Q: Buffalo plaid? Red or green? —Kevin Collins, Concord, N.H.
A: Never. Neither. It marks you as one of the common folk. When I can get it, I favor loden, which is worn by people of taste and discernment such as myself.
Q: Between you and your great colleague, Phil Bourjaily, who is more skilled at the other’s shooting discipline? —Jacob Honeycutt, Orem, Utah
A: I have absolutely no idea. I’ve never seen Phil shoot a rifle, and he’s never seen me shoot a shotgun. However, I am better looking, speak six languages, and play eight musical instruments.
Q: Wise and Enlightened Dave: I would like to have a backup handgun for dangerous game. What caliber do you recommend? —Henry Aldaz, Denver, Colo.
A: I’m not a believer in backup handguns for dangerous game. They’re not nearly as powerful as a big rifle, and unless you piss ice water in times of mortal danger, they’re too hard to hit with. I know of an Alaska guide who tried to stop a grizzly with a .44 magnum, and he believes he and his client would have been killed if the client hadn’t had a .338 Win. Mag. and known how to use it.

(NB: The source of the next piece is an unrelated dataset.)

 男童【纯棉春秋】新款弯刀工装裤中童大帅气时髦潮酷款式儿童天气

Q: Is my .270 with 130-grain ammo too much for coyotes and foxes if I want to sell the pelts? —Cody Obermiller, Willow Springs, N.C.

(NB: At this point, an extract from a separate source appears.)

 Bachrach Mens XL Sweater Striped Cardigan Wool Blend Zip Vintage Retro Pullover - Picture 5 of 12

A: If you stick to tough, controlled-expanding bullets, it should be O.K. I’ve shot a number of coyotes with these slugs, and they didn’t do a lot of damage to the hides.
Q: For hunting the timber in Vermont, do I really need a magnified optic?—Andy Gagner, Starksboro, VT.

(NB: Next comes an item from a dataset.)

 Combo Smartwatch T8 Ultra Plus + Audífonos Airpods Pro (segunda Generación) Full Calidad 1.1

A: I have hunted in Vermont and can attest that there are lots of places where you can get by just fine without Xs. If you’re not a fan of magnification, I’d get a red dot. There’s nothing iron sights do that optics won’t do better.
Q: Do you ever go fishing? What’s your most memorable catch? —Derrick Haan, Carlisle, PA.
A: Over the years I have done a great deal of fishing, but I never got good at it. My most memorable fish was a giant ulua (trevally) that I hooked at Midway Atoll. They get as big as 170 pounds, and this thing was like a nuclear submarine. I fought him forever and finally got him alongside the boat, where he broke off.
Q: I have a desire to go elk hunting that strongly coincides with my desire to own a .338 Win. Mag. My buddies think it’s too much gun. What do you think? —Chris McKinny, via email
A: I think you need new buddies. The .338 is one of the best elk cartridges ever.